Teaching machines to understand – and summarize – text is an article from the The Conversation about the use of machine learning in text summarization. The example they give is how machines could summarize software licenses in ways that would make them more meaningful to us. While these seems a potentially useful application I can’t help wondering why we don’t expect the licensors to summarize their licenses in ways that we can read. Or, barring that, why not make cartoon versions of the agreements like Terms and Conditions.
The issues raised by the use of computers in summarizing texts are many:
- What is proposed would only work in a constrained situation like licenses where the machine can be trained to classify text following some sort of training set. It is unlikely to surprise you with poetry (not that it is meant to.)

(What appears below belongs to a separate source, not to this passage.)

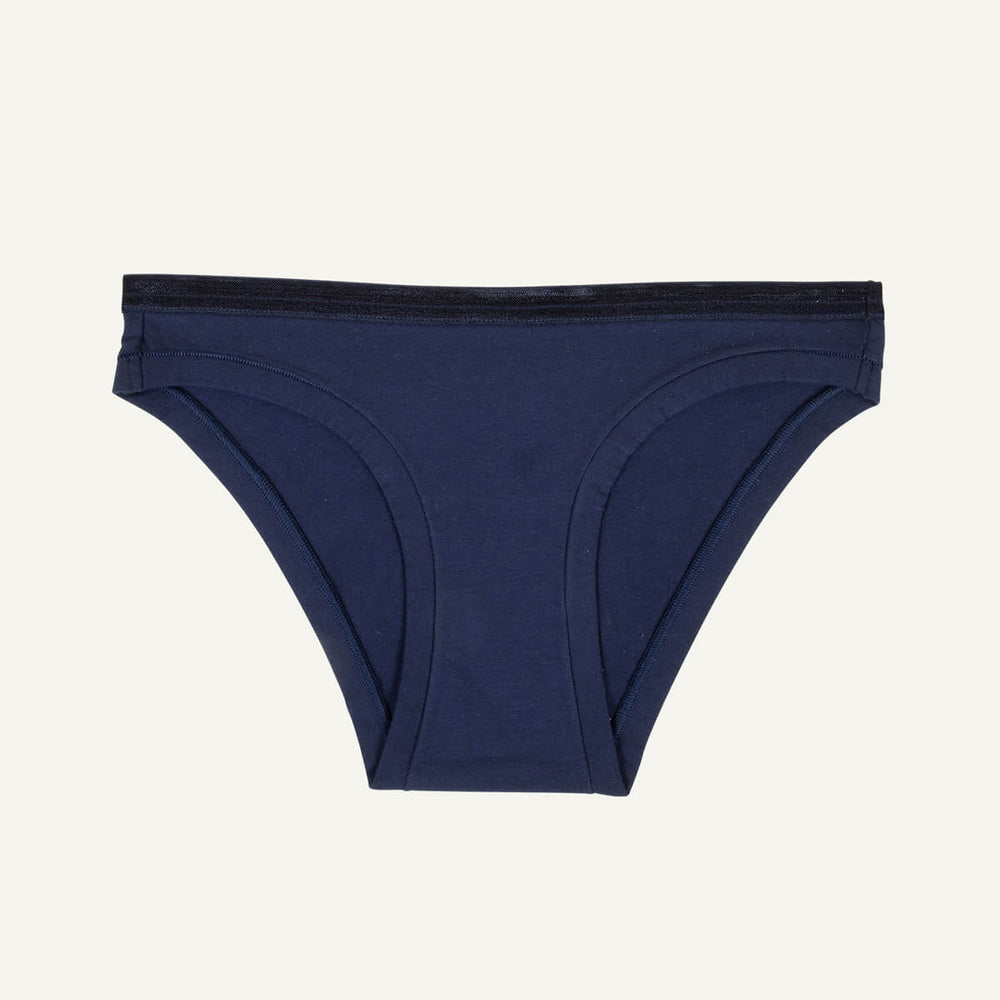 A low rise bikini in marine blue color.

- The idea is introduced with the ultimate goal of reducing all the exabytes of data that we have to deal with. This is the “too much information” trope again. The proposed solution doesn’t really deal with the problems that have beguiled us since we started complaining since part of the problem is too much information of unknown types. That is not to say that machine learning doesn’t have a place, but it won’t solve the underlying problem (again.)
- How would the licensors react if we had tools to digest the text we have to deal with? The licensors will have to think about the legal liability (or advantage) of presenting text we won’t read, but which will be summarized for us. They might chose to be opaque to analytics to force us to read for ourselves.
- Which raises the question of just what is the problem with too much information? Is it the expectation that we will consume it in some useful way? Is it that we have no time left for just thinking? Is it that we are constantly afraid that someone will have said something important already and we missed it?
- A wise colleague asked what it would take for something to change us? Are we open to change when we think of too-much-information as something to be handled? Could machine learning become another wall in the interpretative ghetto we build around us?